Caption-style text data
──────────
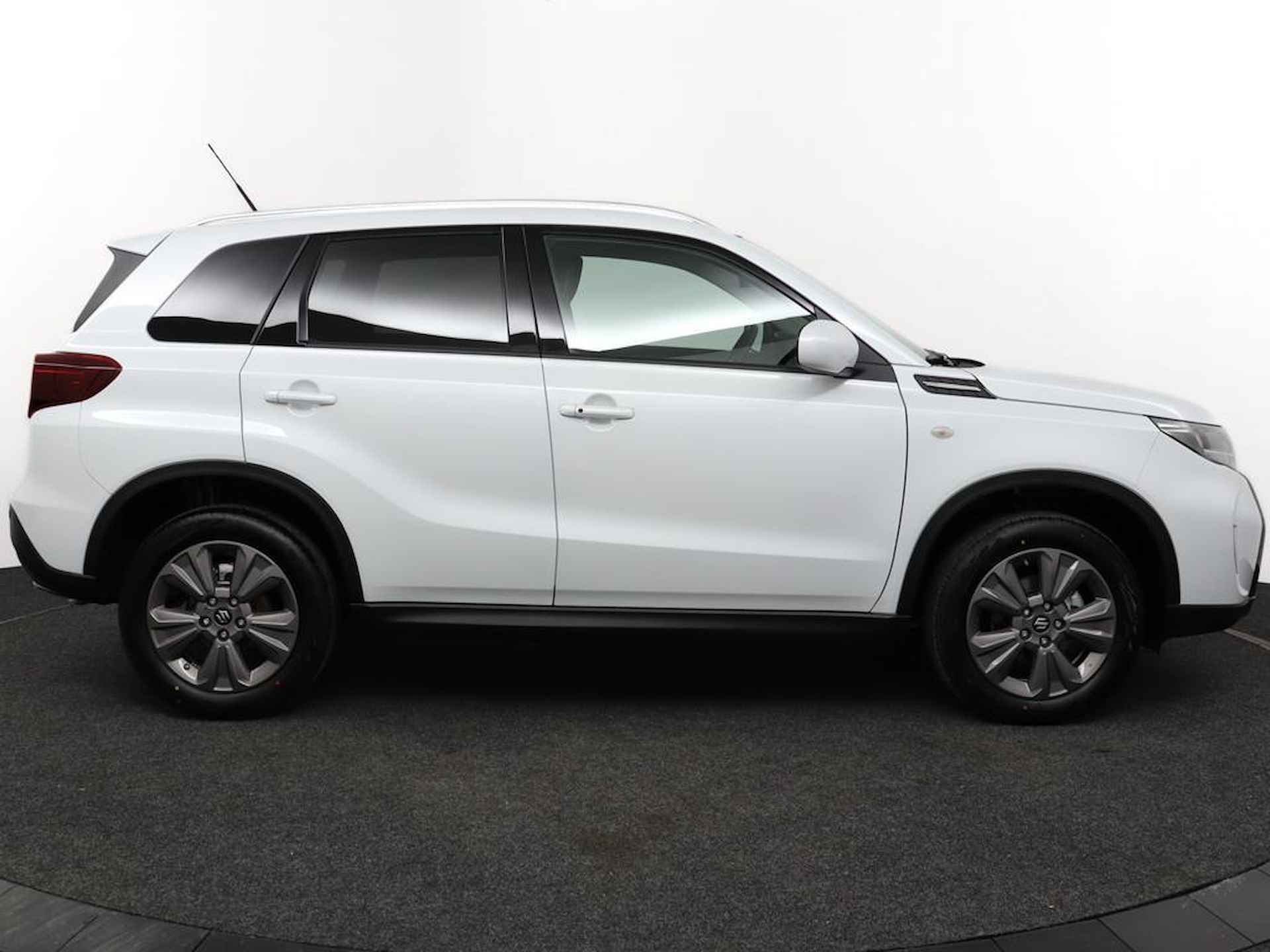 Suzuki Vitara 1.5 Hybrid Select | Automaat | Climate control | Cruise control adaptive | parkeersensoren | Apple carplay, Android auto | Navigatie | Stoelverwarming | - 12/41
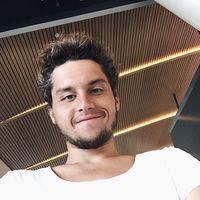 Artem Nikiforov的照片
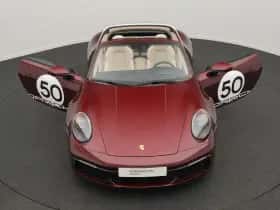 Porsche 911 (2021) thumbnail 11
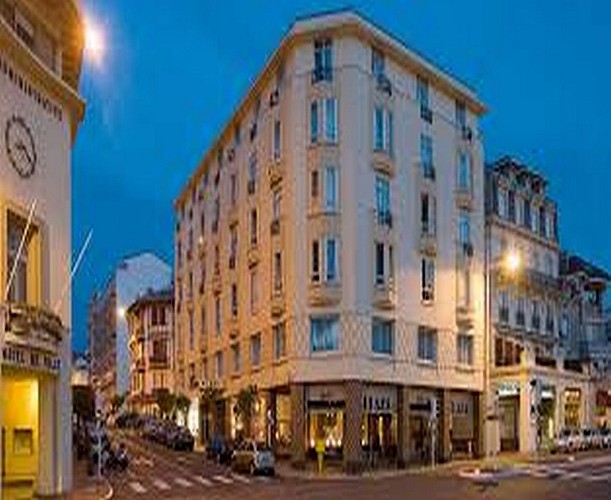 Hôtel Mercure Plaza-Biarritz - Vue nocturne de l'avenue Edouard VII.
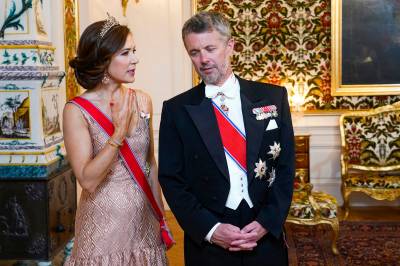 Den danske kongen reiser til Grønland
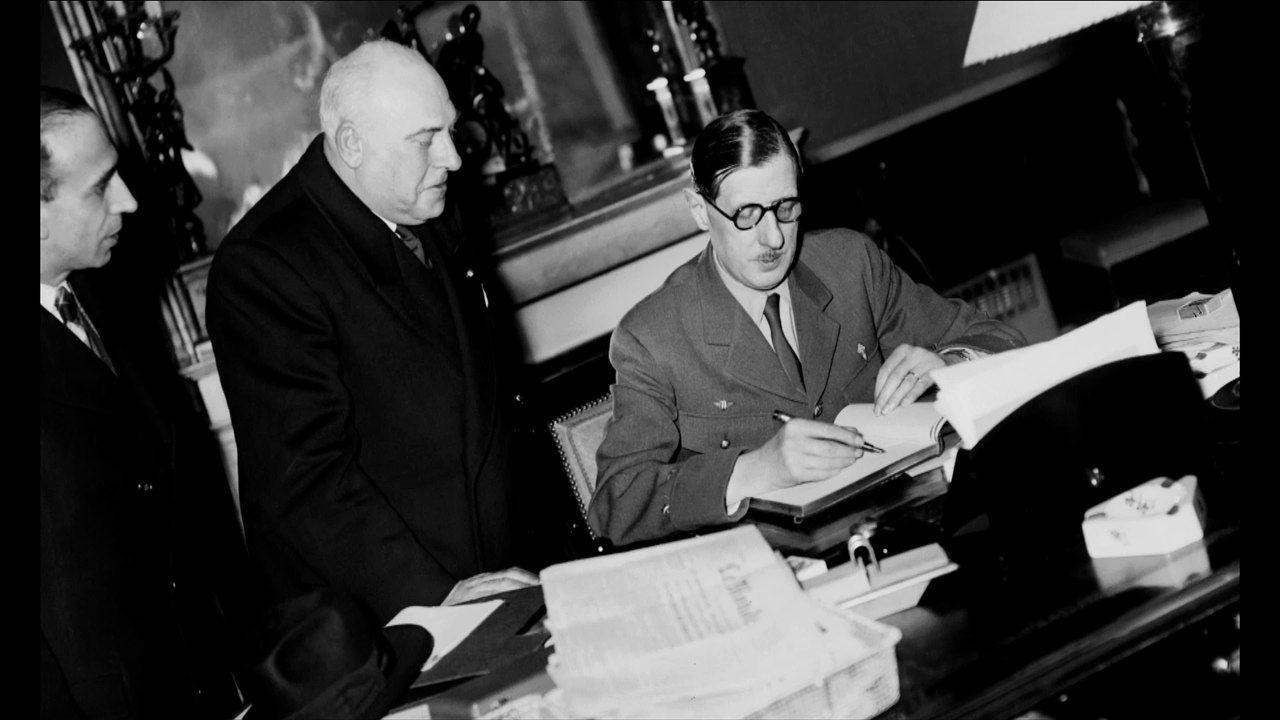 Duels : Beuve-Méry / De Gaulle, "le Monde" contre le président - Extrait n°3 - France 5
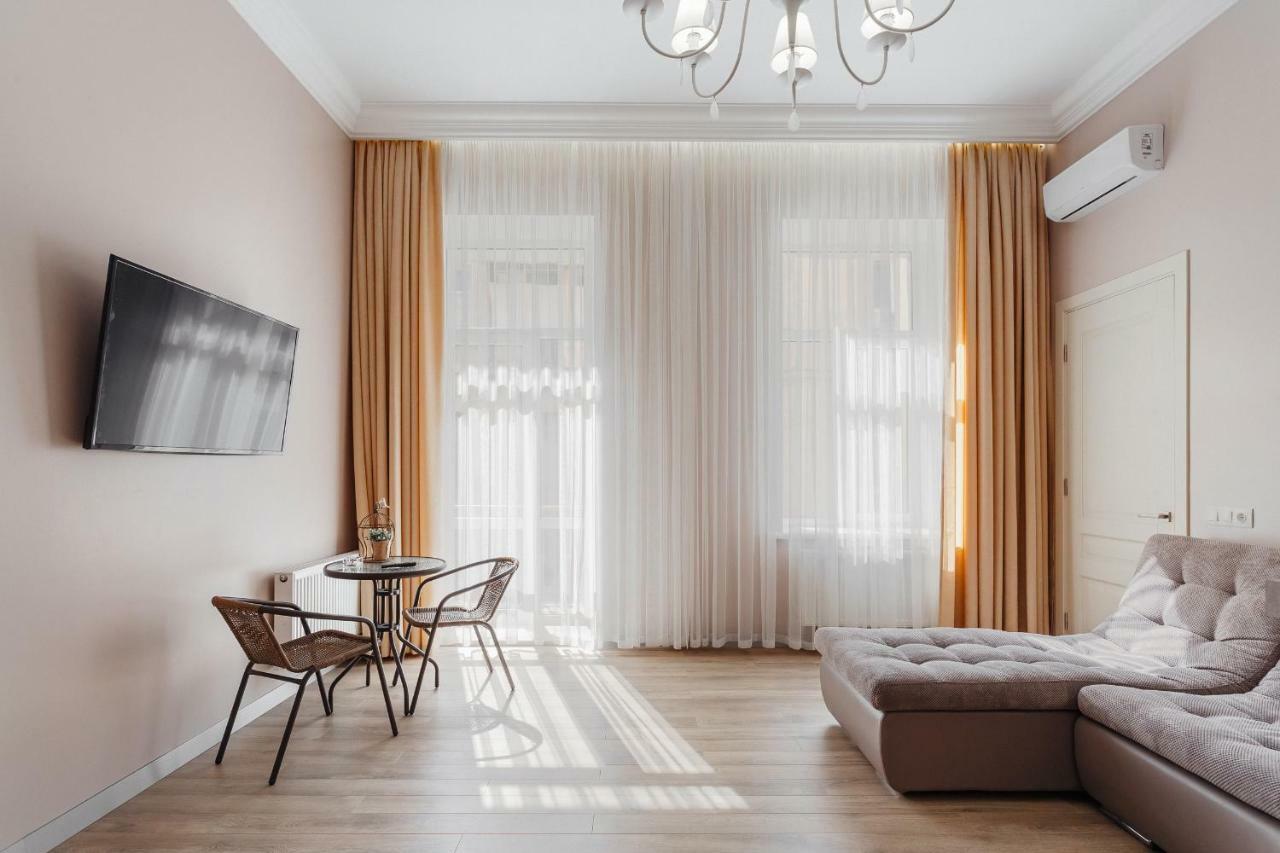 Central Barkar Apartments Odessza Kültér fotó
──────────
■ What you have to do ■
Reproduce all of the data exactly, omitting each picture it holds.

■ Your response ■
 Suzuki Vitara 1.5 Hybrid Select | Automaat | Climate control | Cruise control adaptive | parkeersensoren | Apple carplay, Android auto | Navigatie | Stoelverwarming | - 12/41
 Artem Nikiforov的照片
 Porsche 911 (2021) thumbnail 11
 Hôtel Mercure Plaza-Biarritz - Vue nocturne de l'avenue Edouard VII.
 Den danske kongen reiser til Grønland
 Duels : Beuve-Méry / De Gaulle, "le Monde" contre le président - Extrait n°3 - France 5
 Central Barkar Apartments Odessza Kültér fotó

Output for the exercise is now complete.